Windows NT 4.0 source code leak
You can not select more than 25 topics Topics must start with a letter or number, can include dashes ('-') and can be up to 35 characters long.
 
 
 
 
 
 

172 lines
6.9 KiB

// This file contains the definition of class CVector
#ifndef __VECTOR_H__
#define __VECTOR_H__
// weighting constants
#define NEWTF_NONE 0
#define NEWTF_BINARY 1
#define NEWTF_MAXNORM 2
#define NEWTF_AUGNORM 3
#define WT_NONE 4
#define WT_TFIDF 5
#define WT_PROB 6
#define NORM_NONE 7
#define NORM_SUM 8
#define NORM_COSINE 9
#define NORM_MAX 10
// state definition constants
#define COLL_USABLE 0x00
#define COLL_UNUSABLE 0x01
#define WEIGHTED 0x02
// error definitions
#define COLLERROR_NOCONCEPTS 0xFFFFFF10
#define COLLERROR_OUTOFMEMORY 0xFFFFFF11
#define COLLERROR_BADSEQUENCE 0xFFFFFF12
#define COLLERROR_BADINPUT 0xFFFFFF13
// Weights. A 1.0 is represented in fixed point as 0xFFFF
#define WT_ONE 0xFFFF
// macros to enhance readability
#define DocSentinel(i) *((LPDWORD)m_vbVectorRange.Base + i)
#define Concept(i) *((LPDWORD)m_vbVectorConcept.Base + i)
#define TermFreq(i) *((LPWORD)m_vbVectorTermFreq.Base + i)
#define TermWt(i) *((float *)m_vbVectorWt.Base + i)
// BugBug : For now assume that no term frequency will overflow. So get the value from
// the term freq array. Later on, however, you will have to see if there is
// an over flow and if so, get the overflow.
#define GetRealTermFreq(i) *((LPWORD)m_vbVectorTermFreq.Base + i)
// Macro DocFreq is only meaningful UNTIL inversion. Before inversion, we reuse the cDocFreq field
// to hold the cumulative document frequencies instead of the raw frequencies. The advantage is that
// we don't have to use an extra field to hold a pointer to the wt list of a concept. We do, however,
// still have to maintain a field for the Doc list of a concept because this list if compressed.
#define DocFreq(i) ((ConceptStruct *)m_vbConcepts.Base + i)->cDocFreq
// DocFromCumFreq is only meaningful FROM inversion. cDocFreq changes from a holder of raw doc count
// to a pointer to the beginning of the list.
#define DocFromCumFreq(i) (((ConceptStruct *)m_vbConcepts.Base + i+1)->cDocFreq - ((ConceptStruct *)m_vbConcepts.Base + i)->cDocFreq)
#define DocList(i) ((ConceptStruct *)m_vbConcepts.Base + i)->pDocList
#define CodeByte(i) *((LPBYTE)m_vbDocInvIndex.Base + i)
#define DocWtCount(i) m_acDocWts[i]
#define Document(i) m_aDocInvIndex[i]
#define Weight(i) m_aWtInvIndex[i]
#define DocIdFromInvList(con, i) m_aDocInvIndex[((ConceptStruct *)m_vbConcepts.Base + con)->pDocList + i]

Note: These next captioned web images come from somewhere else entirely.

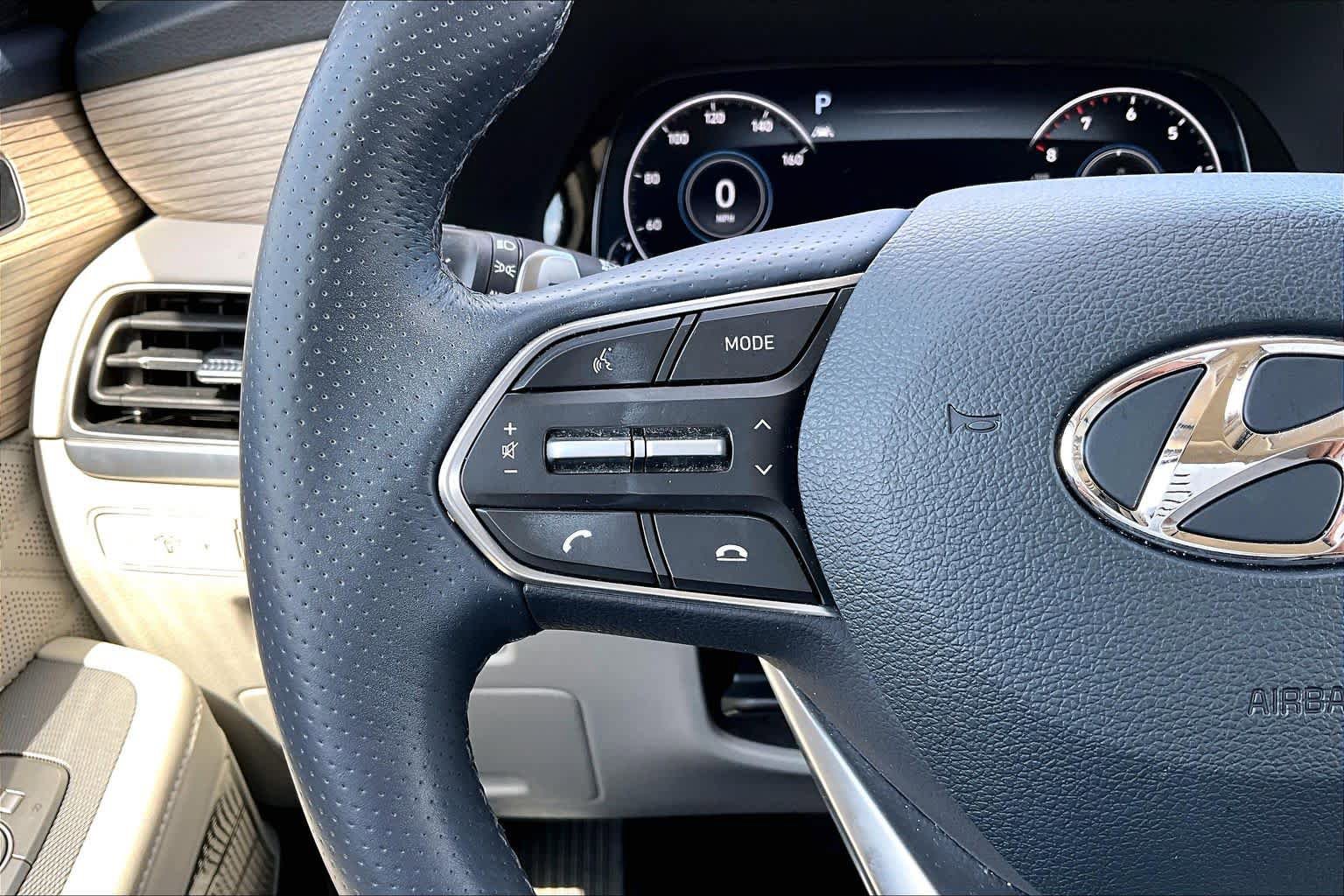 Used 2021 Hyundai Palisade Calligraphy image 24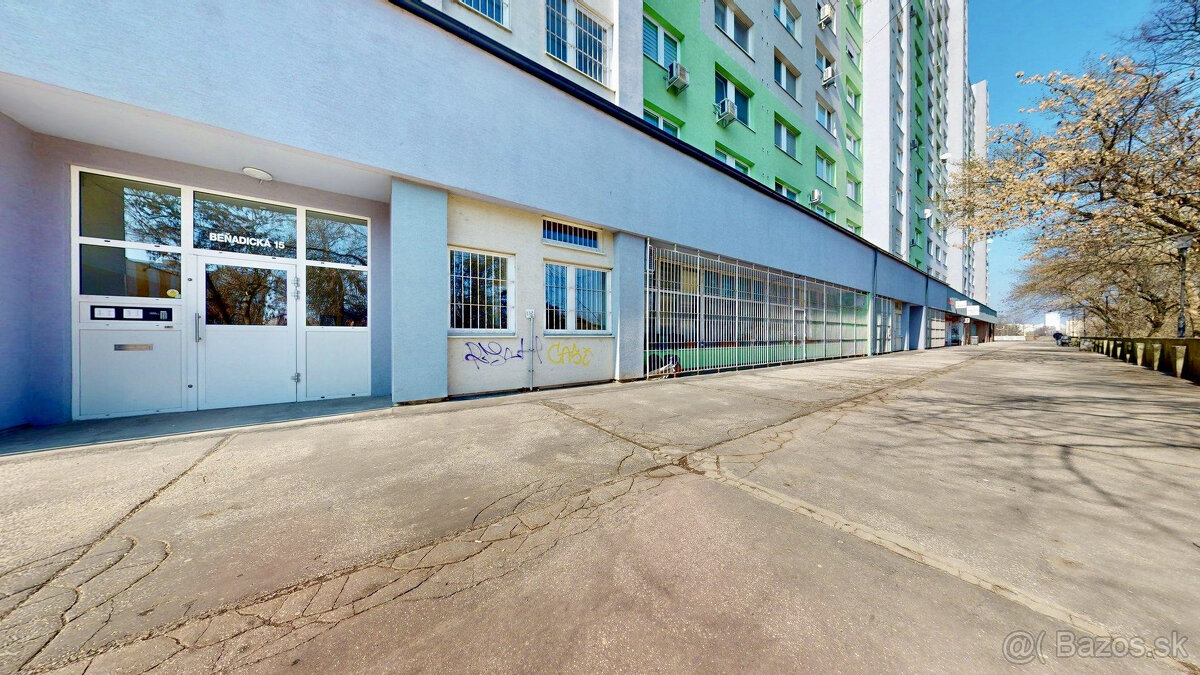 Garsónka s veľkou loggiou, Beňadická - 8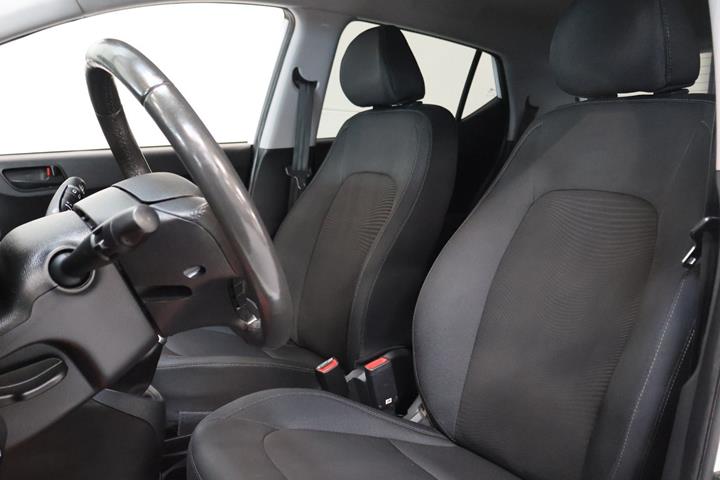 Hvid Hyundai i10 fra 2016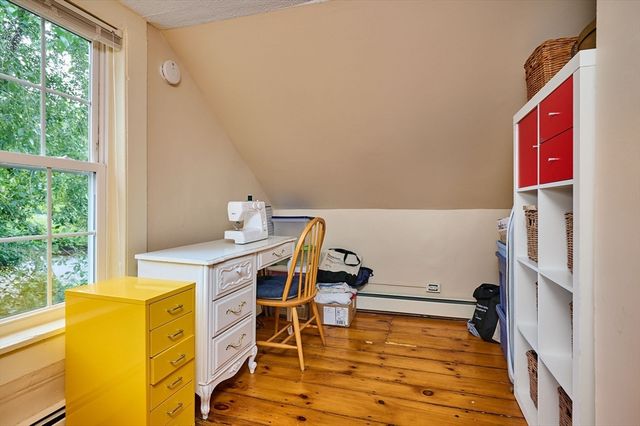 80 Jackson St, Belchertown, MA 01007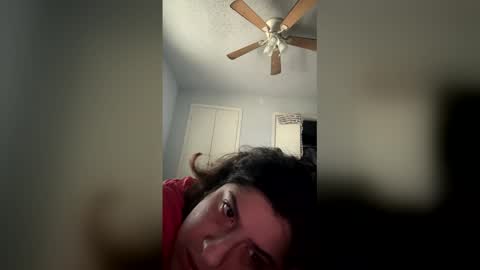 Snapshot of lydiasheer chatting on April 2026 04:15:01 PM lydiasheer online show from April 2026 04:15:01 PM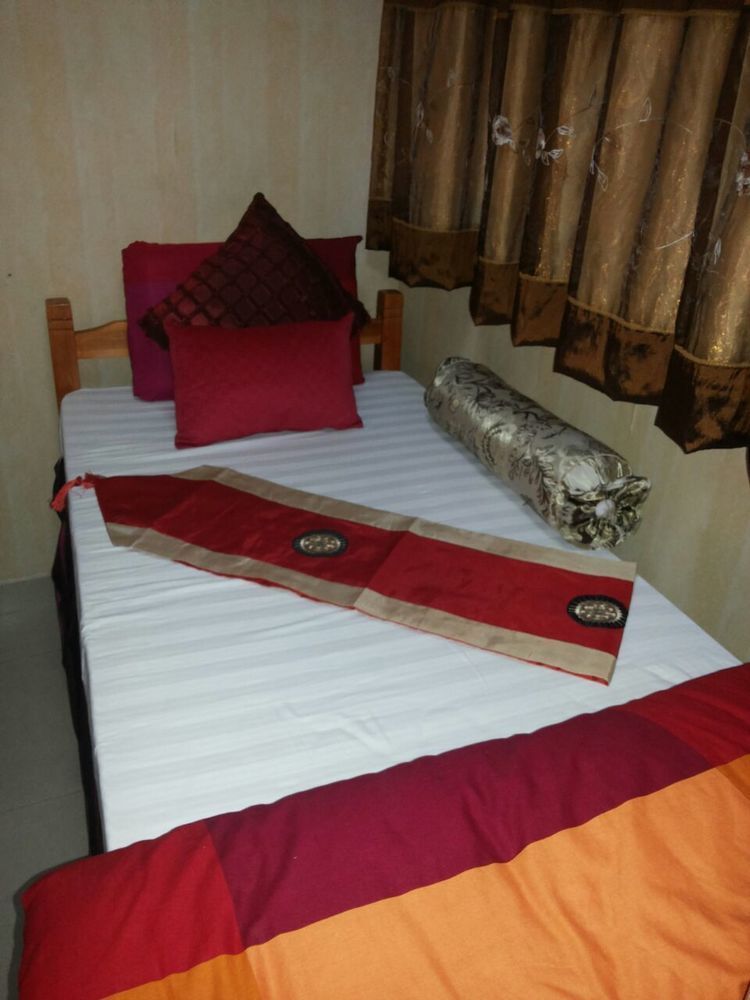 Temple Street Guest house *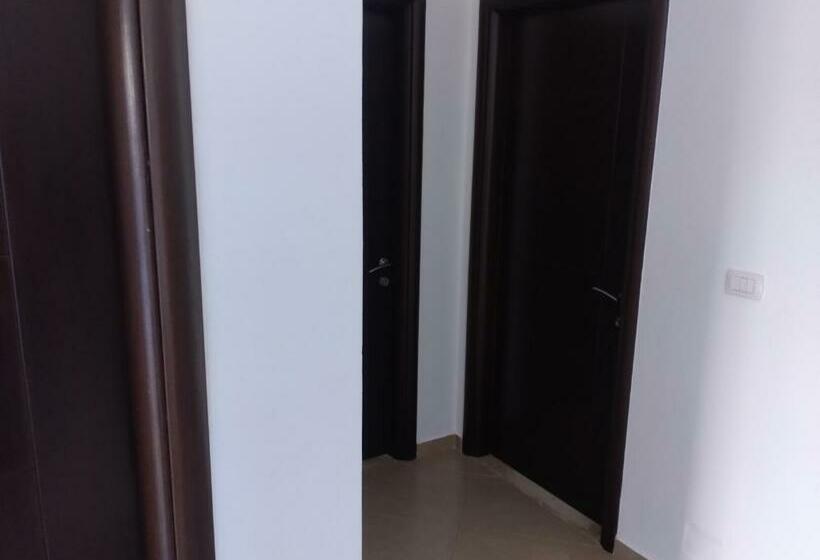 발코니가 있는 4인용 스탠다드 룸, Xuxi Apartments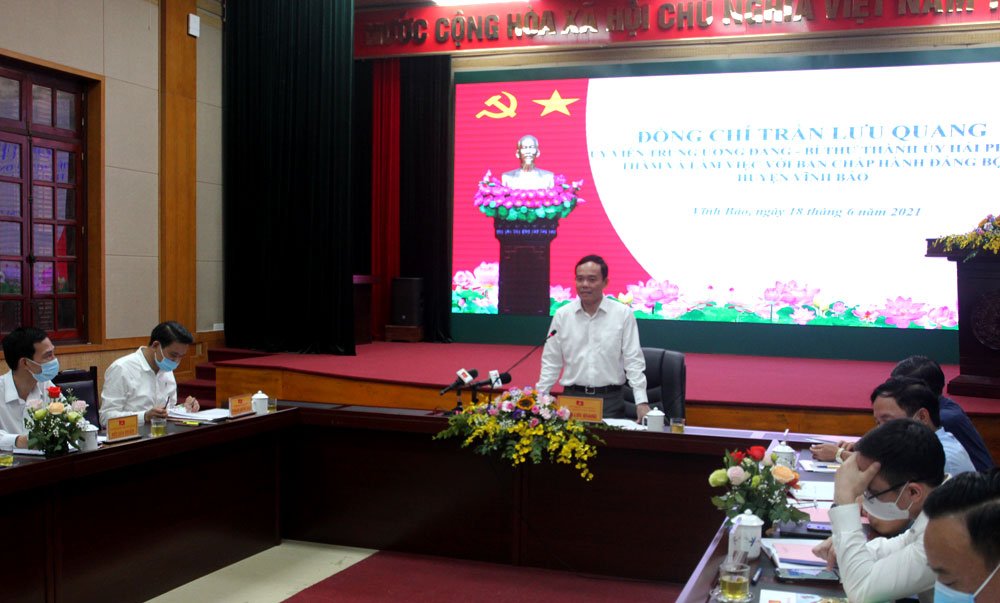 Đòng chí Trần Minh Quang, Ủy viên Trung ương Đảng, Bí thư Thành ủy phát biểu tại buổi làm việc với Ban chấp hành Đảng bộ huyện Vĩnh Bảo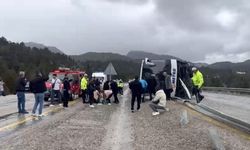 Yolcu Otobüsü Devrildi: Çok Sayıda Yaralı!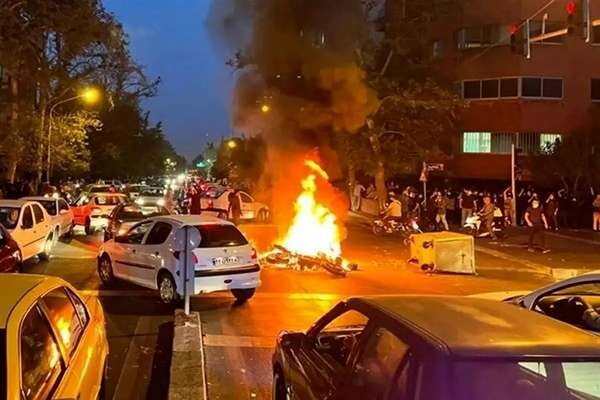 تشکیل ستادی ویژه برای جبران خساراتهای وارده به مردم تشکیل ستادی ویژه برای جبران خساراتهای وارده به مردم
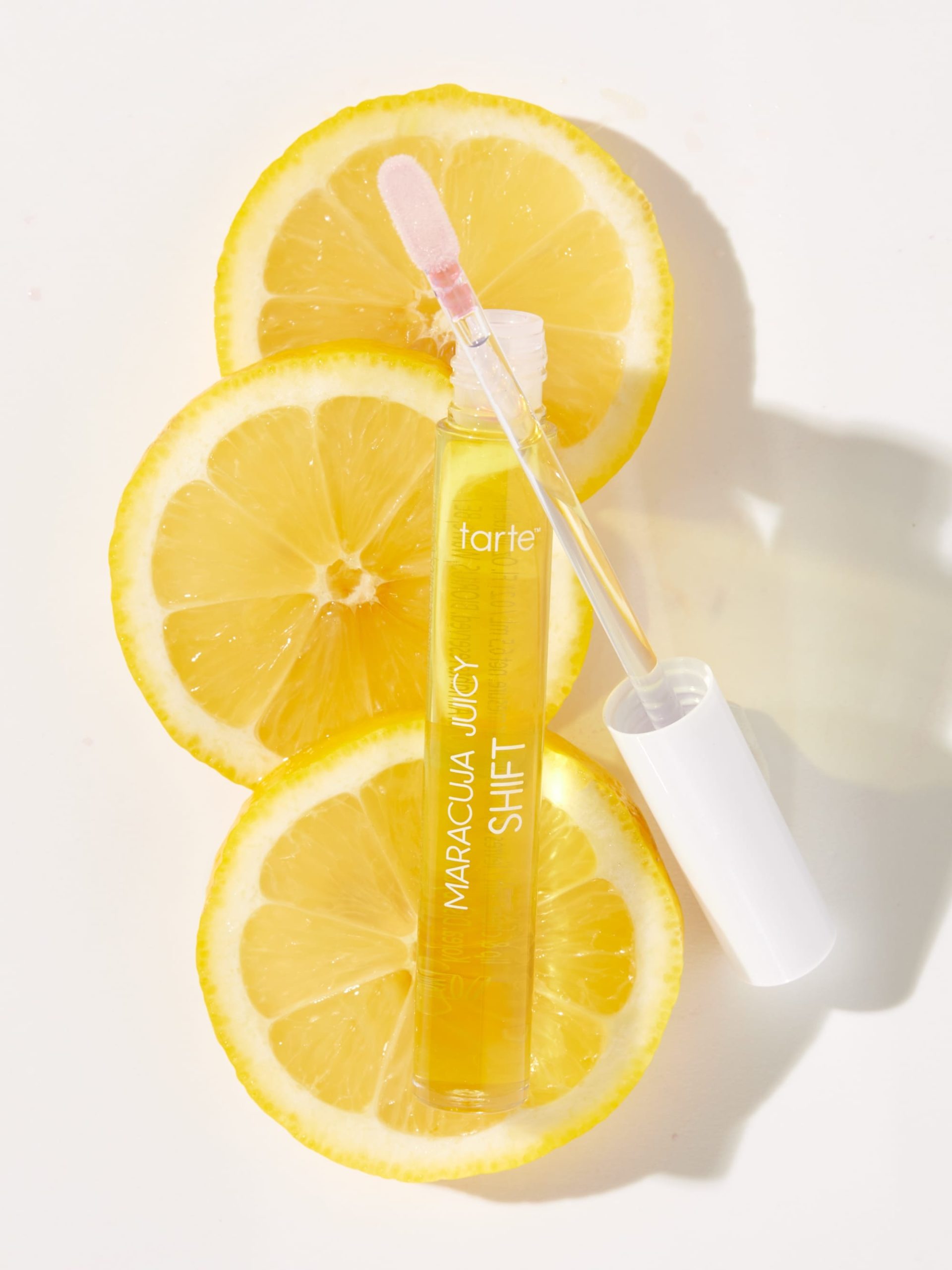 unique__846733099177__maracuja-juicy-lip-and-cheek-shift-lemon__03.jpg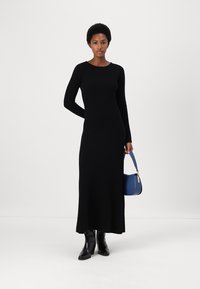 DRYKORN TEYANA - Strickkleid - black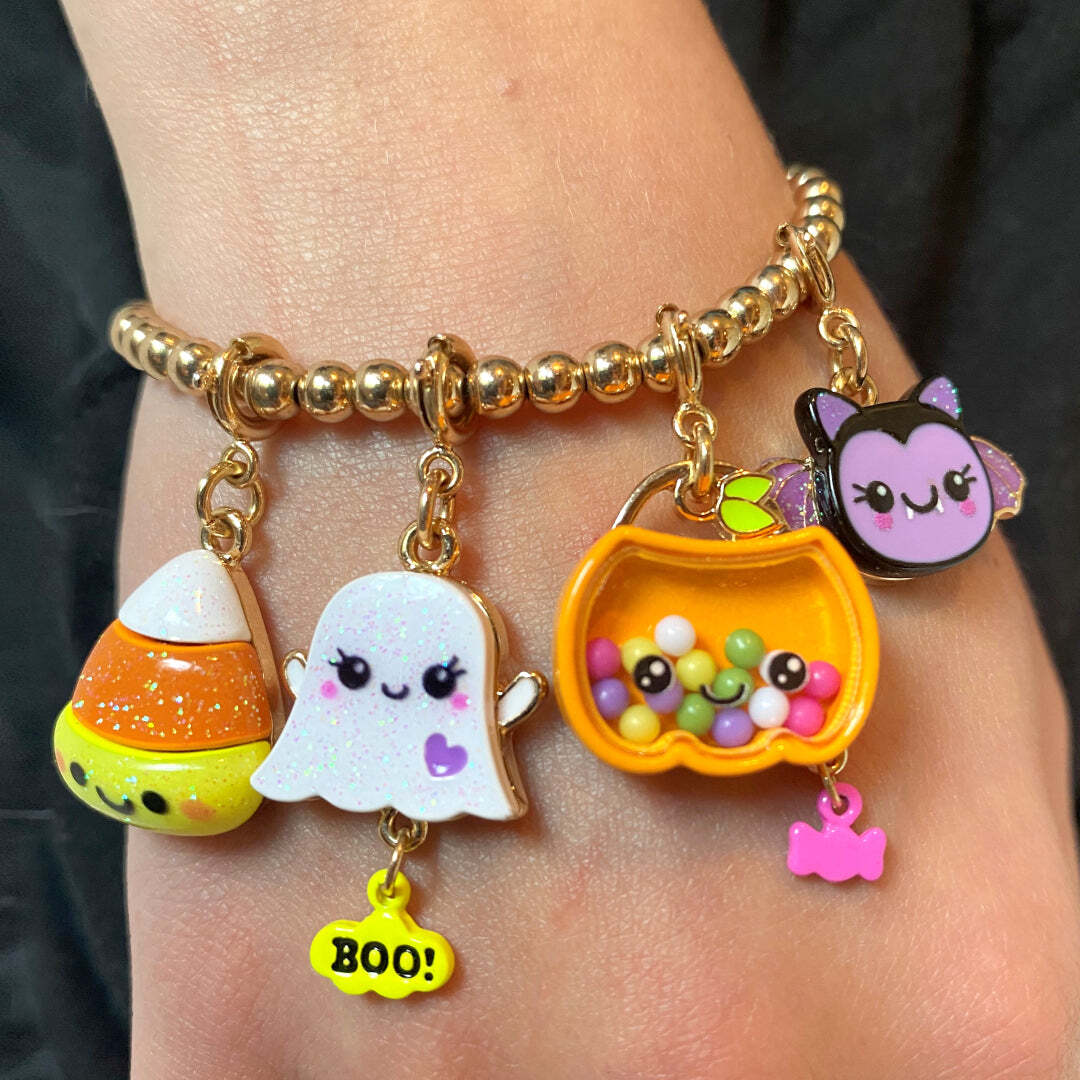 Gold Bat Charm - Image 4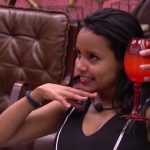 Gleici acompanhando os participantes dentro do BBB18 (Foto: Divulgação/Globo)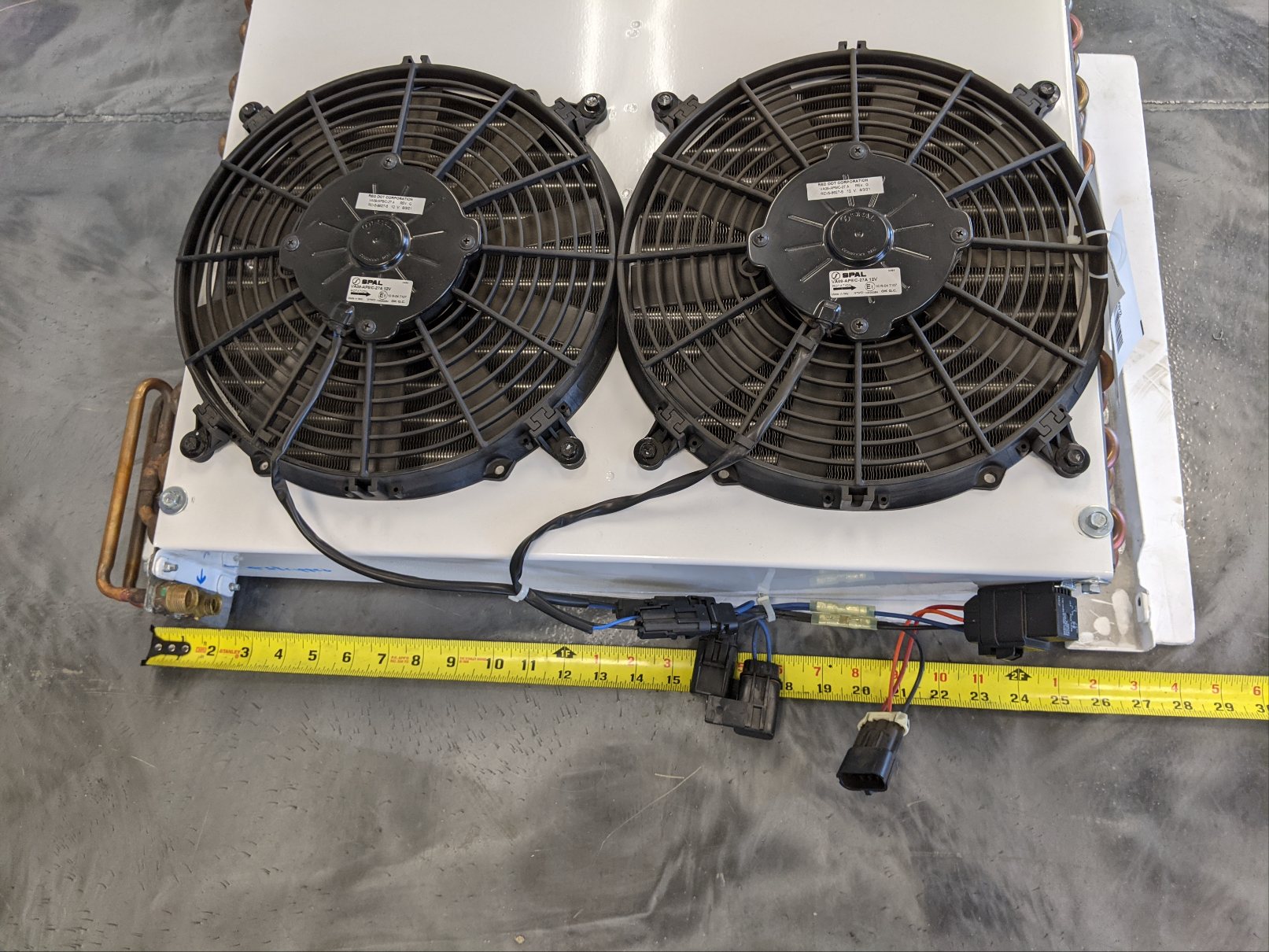 Damaged Red Dot Twin Fan Roof A/C Condenser - P/N: 22-65482-000 (8823229907260)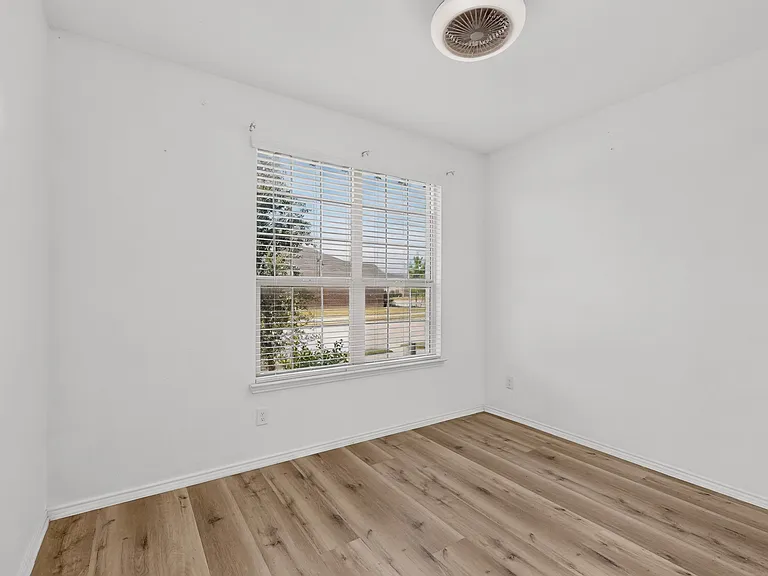 2285 Obsidian Dr — Photo 22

#define WtFromInvList(con, i) m_aWtInvIndex[((ConceptStruct *)m_vbConcepts.Base + con)->cDocFreq + i]
typedef struct
{
DWORD cDocFreq; // the number of documents in the collection, in which this concept occurs at least once
// just before inversion, cDocFreq is reused to hold the cumulative values. The advantage
// is that we can avoid using a third field to point to the wts of the docs.
DWORD pDocList; // a pointer to the list of documents in which this concept occurs. This is an index into an array.
} ConceptStruct;
#if 0
typedef struct
{
DWORD iConWtIndex; // index of the Con, Wt pair that has a termfreq greater than 64K
DWORD cTermFreq; // the overflowing value
} TFOverFlowStruct;
#endif
typedef struct
{
DWORD cConcepts; // Number of concepts in the dictionary of this coll
DWORD offConcepts;
DWORD cDocuments; // Number of documents in the collection
DWORD cDocWtPairs; // Number of doc,wt [ = con,freq ] pairs
DWORD offWtInvIndex;
DWORD offDocInvIndex;
DWORD cBitsUsedInEncoding;// Number of bits used to encode the doc inverted index.
#if 0
DWORD cOverFlows; // Number of overflows.
#endif
} CollHdr;
class CTextSet;
class CCollection
{
friend class CQuery;
public:
// Creator
static CCollection *NewCollection();
// Destructor
~CCollection();
// Access Functions:
void Initialize(DWORD cInEstConcepts, DWORD cInMaxConcepts, DWORD cInEstDocuments, DWORD cInMaxDocuments, DWORD cInEstConWtPairs, DWORD cInMaxConWtPairs);
void RecordConcept(DWORD ConceptId);
void NewDocument();
void WeightAndInvertVectors(BYTE TFModType, BYTE WeightType, BYTE NormType);
BOOL Serialize(HANDLE hInFile, BOOL fSaveVectors);
BOOL Unserialize(HANDLE hInFile);
void SetNumberOfConcepts(DWORD cInConcepts);
// Information Functions:
BYTE GetCollState() { return m_bCollState; }
BOOL IsConceptIdValid(DWORD ConceptId) { if (ConceptId > m_cConcepts) return FALSE; return TRUE;}
DWORD GetDocumentCount() {return m_cDocuments;}
// Save/Load Functions
void StoreImage(CPersist *pDiskImage);
static CCollection *CreateImage(CPersist *pDiskImage);
void ConnectImage(CPersist *pDiskImage);
private:
// Constructor
CCollection();
// Internal functions.
void ApplyWeightingScheme(BYTE TFModType, BYTE WeightType, BYTE NormType, DWORD iFirstConWt, DWORD cConWts);
DWORD GetDocumentGap(LPDWORD startBitPos);
private:
// Internal variables
// The following provides memory to implement the collection.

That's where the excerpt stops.